This article was submitted to Ergo by Devansh Saraswat, a first-year (Batch 2016-2021) at the Gujarat National Law University.
Landing at GNLU was perhaps by chance and not by choice or rather mismanagement of my own abilities. I still can’t figure out what was it.
I never knew I would enter this field. I never knew it would become my passion. I never knew I would start living it. But I did. Way back in 8th standard I wanted to be a Doctor, owing my choice to two reasons. First, I wanted to treat poor people for free and save their lives as I fairly had an idea of what some doctors do. Second, I wanted to make money. Every typical Indian middle class fellow wants it. Money is the key to survival. But after a few of my mother’s remarks I quit my dream.
In 9th standard the dream to join Indian Army thrived. I read almost everything related to the entrance procedure to salary packages. Everything. I bought a couple of books on how to crack the SSB interview. I started physical training as well. I started living my dream. But somewhat a similar thing happened again and fate repeated itself. It remained as an unrealized dream of mine.
Maybe they were not my true love. Maybe they were just infatuations as a small kid.
10th standard and a search about all the available career options begun. I found law as one. I researched, researched and researched and eventually decided to go for it. I never commenced a formal coaching for it but started the preparation myself, gaining every nitty gritty of Law and CLAT. I would often solve reasoning questions from my elder sister’s books. I bought a legal reasoning book and fell in love with it. It was pretty enjoyable.
In class 12th I joined a coaching institute and started my preparations in full swing. I even decided to sacrifice my class 12 Boards marks for the CLAT preparations. I would always top my Coaching mocks and that acted as a confidence booster. Then came the CLAT form and the preference list. I knew about every law schools performance in all the aspects, from whatever I had read over the internet and from the alumni.
Fortunately or Unfortunately, by choice or by chance, destined or decided – I put GNLU as my first preference. Tell that to any law aspirant and he would call me a fool. Well, my mentor definitely felt so, thankfully he didn’t express or else I would have spent months in regret. Although I did regret after the result was out. I scored 153 in CLAT 2016 and was ranked 236.With this rank I deserved NUJS Kolkata but I had already pre planned my five year long holiday at Ahmedabad – Gandhinagar highway. I myself do not have an answer as to why did I choose it. Somewhere in my mind I thought I am capable of this college and can’t get other NLU above it. I underestimated myself. Did I? I don’t know.

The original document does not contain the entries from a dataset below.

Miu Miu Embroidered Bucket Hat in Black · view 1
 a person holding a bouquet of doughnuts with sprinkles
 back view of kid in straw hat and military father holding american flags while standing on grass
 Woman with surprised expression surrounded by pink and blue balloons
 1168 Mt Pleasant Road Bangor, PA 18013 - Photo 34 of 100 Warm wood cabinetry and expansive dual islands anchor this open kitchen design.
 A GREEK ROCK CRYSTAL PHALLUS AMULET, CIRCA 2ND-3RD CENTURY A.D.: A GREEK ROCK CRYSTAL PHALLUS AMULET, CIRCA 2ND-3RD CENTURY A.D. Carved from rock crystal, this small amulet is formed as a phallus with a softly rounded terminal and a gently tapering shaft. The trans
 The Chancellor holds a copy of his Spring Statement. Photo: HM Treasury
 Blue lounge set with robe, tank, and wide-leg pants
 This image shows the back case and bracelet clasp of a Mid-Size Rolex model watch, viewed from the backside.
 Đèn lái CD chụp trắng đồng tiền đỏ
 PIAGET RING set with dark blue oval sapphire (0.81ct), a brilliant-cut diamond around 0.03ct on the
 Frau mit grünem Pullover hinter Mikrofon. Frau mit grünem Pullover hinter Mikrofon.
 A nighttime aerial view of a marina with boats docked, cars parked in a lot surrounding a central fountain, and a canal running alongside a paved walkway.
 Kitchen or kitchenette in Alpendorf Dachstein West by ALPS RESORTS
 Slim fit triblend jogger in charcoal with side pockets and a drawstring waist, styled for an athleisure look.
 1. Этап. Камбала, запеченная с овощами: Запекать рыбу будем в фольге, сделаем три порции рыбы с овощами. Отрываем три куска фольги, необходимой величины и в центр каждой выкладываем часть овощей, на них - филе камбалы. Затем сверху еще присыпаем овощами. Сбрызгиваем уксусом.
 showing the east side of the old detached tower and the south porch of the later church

I do not.
It was a big decision, a life changing one. The biggest in my life, as yet. Perhaps I messed up with it, perhaps it was destined and I can’t do much about it. Well, now I of course cannot as some decisions in your life are irrevocable. Either you repent or you find a way with it. I do not regret my decision now as I have done away with my so called mistake. I have thrown the thought out of my mind now. Nonetheless, GNLU has contributed too.
GNLU is a wonderful college, it does not disappoint you. But I have failed to accommodate myself in it until now. A few things have been problematic for me, the faculty is not exceptional and the hostels are dull, to name a few. Its late and I do not have options now. I will have to dwell at GNLU for the coming 9 semesters even if alone but I have to.
I am waiting for someone to come and change my life. I am waiting for that magic to happen and change my way of living. I am waiting for that someone or something who will come and make my life the best one.